SpaceX's first day as a public company produced a headline number: the stock surged as much as 30% intraday and finished roughly 20% above its IPO price, after a debut wrapped in plenty of fanfare.

If you typed "what time does the stock market open" this morning to catch the action, the practical takeaway is simple — the debut created immediate upside for early holders and reset how investors value one of the most-watched private companies in tech.

The pop mattered at once because it established a market price on a company with a price tag already north of $2 trillion and because it made some people very rich, including . That opening-day move also set the stage for how supply and selling will be managed: is using a staggered release schedule for shareholders rather than a single lock-up cliff, so some holders can begin selling around the company’s first earnings report in late summer while Musk himself must wait one year before he can sell shares under the schedule.

That market reception could ripple beyond SpaceX. and have both confidentially filed to go public, and although neither has a set timetable, SpaceX’s early success could expedite other planned listings as bankers and executives benchmark timing and pricing off this debut.

Yet the celebration on day one collides with a stubborn question: a valuation topping $2 trillion rests against concerns about long-term profitability and fundamental results. The debate is not over. For a company that has attracted nontraditional investors and mixed signals about when it will deliver sustained earnings, a strong first trading day does not erase doubts about whether the underlying business can justify that price over the quarters ahead.

The staggered release schedule matters in practical terms. Instead of a flood of shares hitting the market at once, the rollout paces selling and can help support the share price by limiting immediate supply. But it also introduces predictable checkpoints — the first earnings report in late summer, for example — when new selling becomes possible and investors will get their first public read on SpaceX’s financials. Those points will be the first tests of whether the initial enthusiasm holds.

For peers and would-be entrants, the immediate consequence is calendar risk: some companies that had been planning to wait may speed theirs up if they think demand and valuations are more favorable now.

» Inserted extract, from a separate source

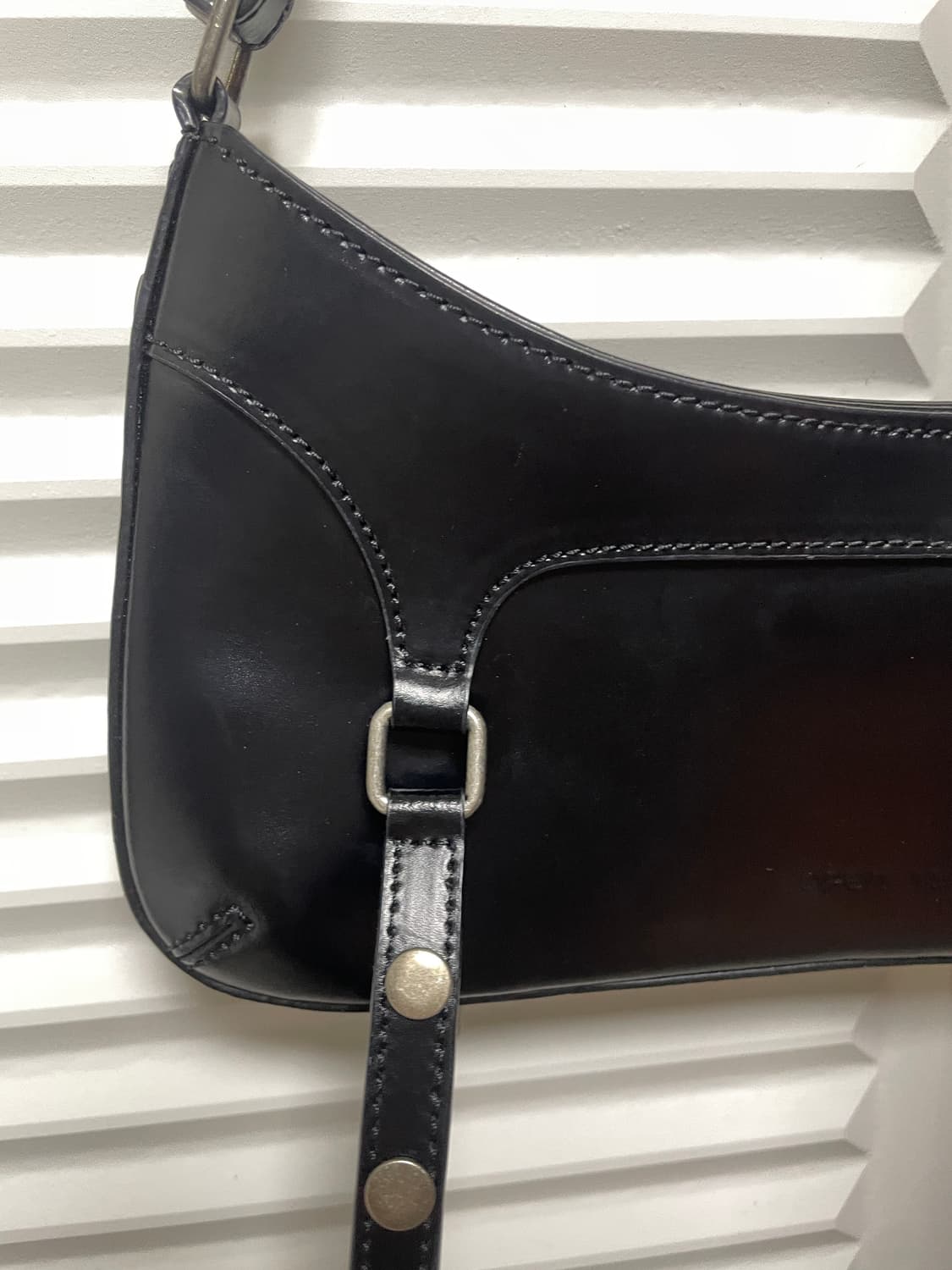 Open Yy Garter Belt Leather Bag Black 상품이미지5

For investors, the consequence is a trading environment where the debut price is only a starting line; near-term liquidity and headline momentum are governed as much by the release schedule and shareholder selling windows as by the business’s performance.

The clearest unresolved question is whether SpaceX can translate an opening-day surge into sustained market value. The company’s first earnings report in late summer will be the first concrete checkpoint for that answer, and the staggered selling plan ensures more price-sensitive moments to come. Until those figures arrive, the IPO will be remembered for its dramatic start — and for raising a more consequential question about whether a $2 trillion-plus valuation on a company still facing profitability questions can hold up under public-market scrutiny.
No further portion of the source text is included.